Image used with permission from Håkan Forss (https://hakanforss.wordpress.com/) who’s talk at Lean Agile Scotland in 2013 has stuck with me, given me some of the means to articulate these ides, and started me on the road to this post.

Being ‘Too busy to improve’ is something we all tend to bump into now and again. Where the amount of daily “busy” work feels like it’s taking over, there’s no space left to think about changes or improve things, and any mention of doing something new comes up against so much friction that it grinds to a halt before it begins. So what can be done to get unstuck, and start making progress?

Recently we changed the structure of the Tech department and I found myself looking after a new, dedicated security team and in this exact position. We have a lot of operational controls to perform, alerts to investigate, a roadmap of projects, and not a lot of people. The controls and investigations felt like they were taking up all our time, and that was preventing us from getting on with the projects that are needed to take us to the point where we’re adding value instead of just staying busy.

With this new structure, I wanted to take the opportunity to do something to make sense of where we are, challenge some assumptions, and gather some useful data, all to help move us forward:

  • Understand all the tasks we perform and how much time they take up
  • Understand the maturity of the tasks and what could be quickly improved
  • See where our gaps were
  • Challenge some perceptions

To do this, partly inspired by this great post from Chris McDermott and others, I decided to try something based on a sense making framework called Cynefin which I’d seen in plenty of presentations but hadn’t had a chance to try out. And it worked! After a couple of hours, we had a shared view on roughly how much time was spent on these tasks, we’d identified a number of tasks that could be done much more quickly with some thought and minor changes, and found some blind spots that needed to be dealt with

Understanding our work better

Before getting together, we collected details about all the tasks we performed: Dashboards that were checked, reports reviewed, alerts analysed, and logs looked at. Any controls performed that kept us busy and anything that we weren’t doing that we knew we should.

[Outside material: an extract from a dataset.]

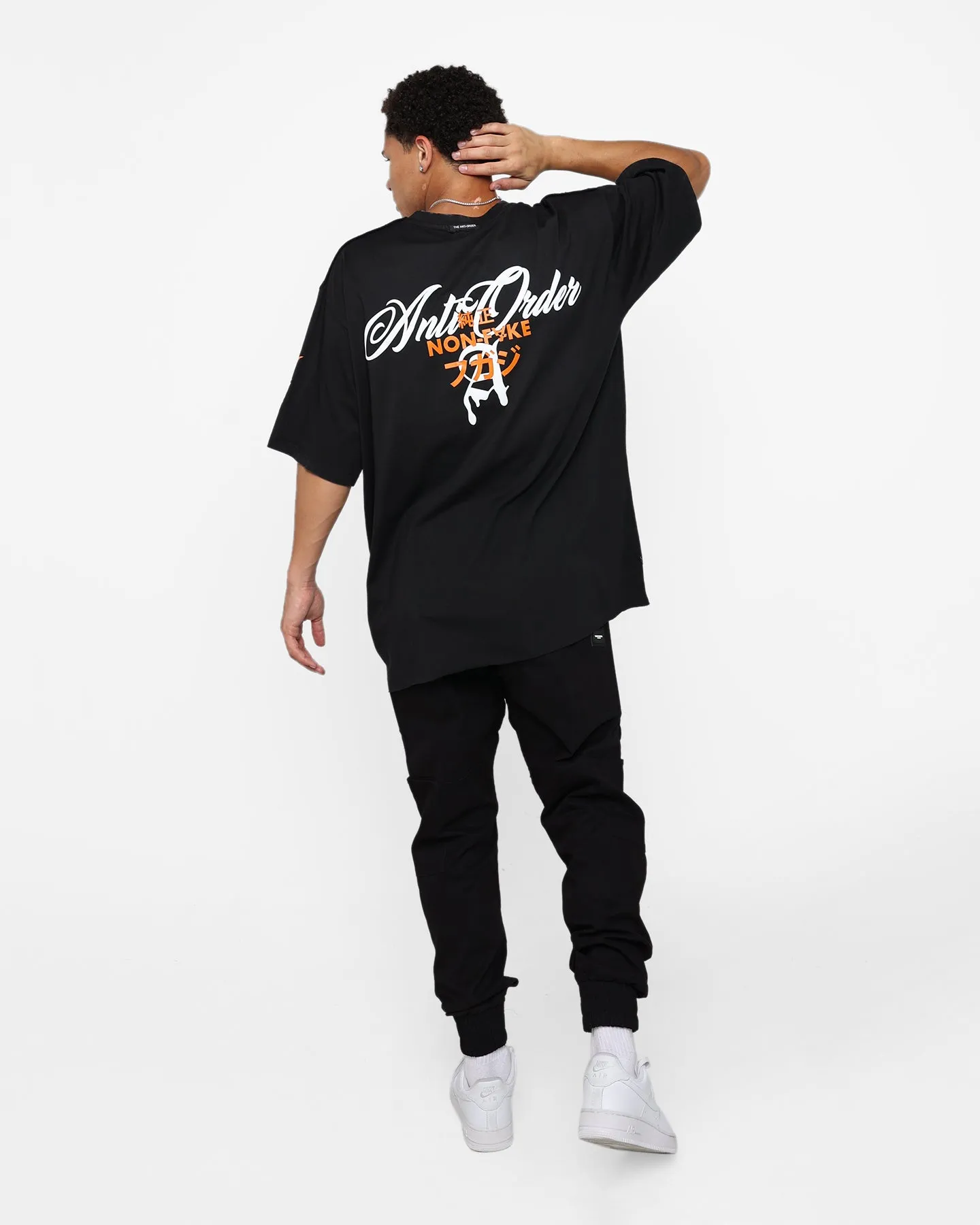 Effortless Fashion The Anti Order Non-Fake Baggy T-Shirt Vintage Black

The first thing we did was to ‘t-shirt size’ the tasks, not a perfect method but good enough in the absence of any real data, and group together things where the effort overlapped. We used Small, Medium, Large, and XLarge, which translated roughly to 5/10/15/30 mins. We could discuss them in context “is X really the same size as Y?” and get a reasonable, shared view on the effort required. Once we had an idea for each task, we looked at it all as a whole and agreed it sounded about right.

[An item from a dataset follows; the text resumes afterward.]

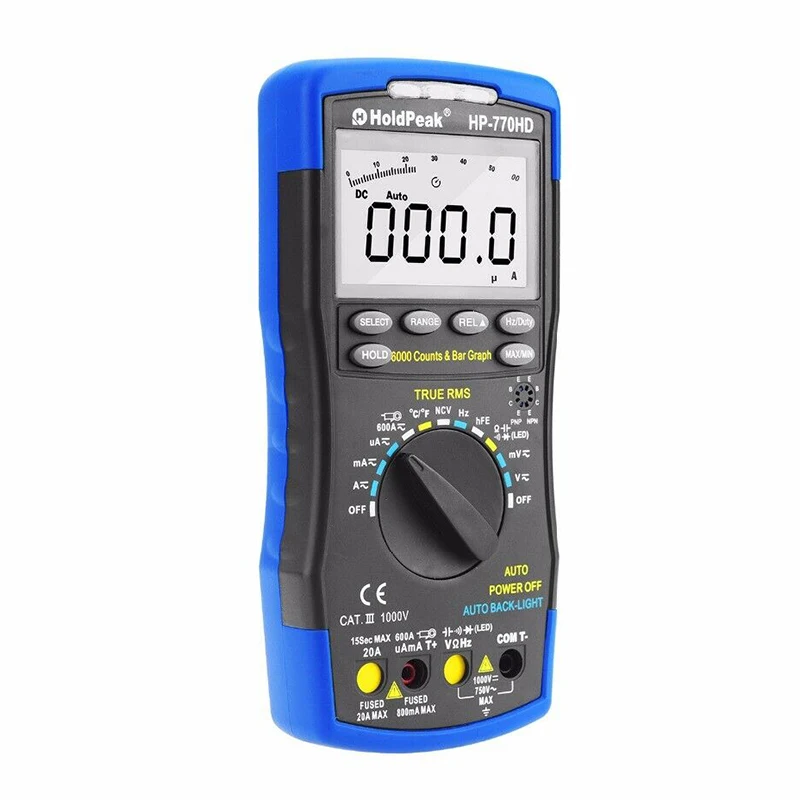 HP-770HD Цифровой мультиметр Авто Диапазон True RMS AC DC Напряжение частоты постоянной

We learned we spent roughly half our daily capacity just on these tasks, adding in investigating alerts and the cost of context switching meant that we could see that we were busy but did have little time left for project work.Knowing roughly how much meant we could better plan for using it, carving out time to make it happen.

Finding the gaps

Another quick check we could do, is comparing these tasks to the CIS Top 20 controls. Again, not a perfect method, but having just discussed all the controls we do, we could quickly run through these 20 high level statements, mark the controls that the task contributed to, and agree where we didn’t have enough in place.

If we’d had more time, we might have done this part differently, using the sub controls or benchmarks for specific systems, or even a different set of standards as a starting point. The goal here was to identify high level problems to solve or projects to put on a roadmap, rather than coming up with solutions.

Making sense of it all

Now we could use the Cynefin-inspired approach to make sense of things. Very briefly, Cynefin splits problems into 5 domains: Obvious and Complicated are considered Ordered, where relationships between things (cause and effect) are predictable; Complex and Chaotic are Unordered, where these relationships can only be understood in hindsight; and lastly Disorder for when it’s unclear what domain you’re in.

Image from cognitive-edge.com

For this, I decided that Ordered meant we knew what we were looking for, and Unordered was when we were looking at something without a clear idea.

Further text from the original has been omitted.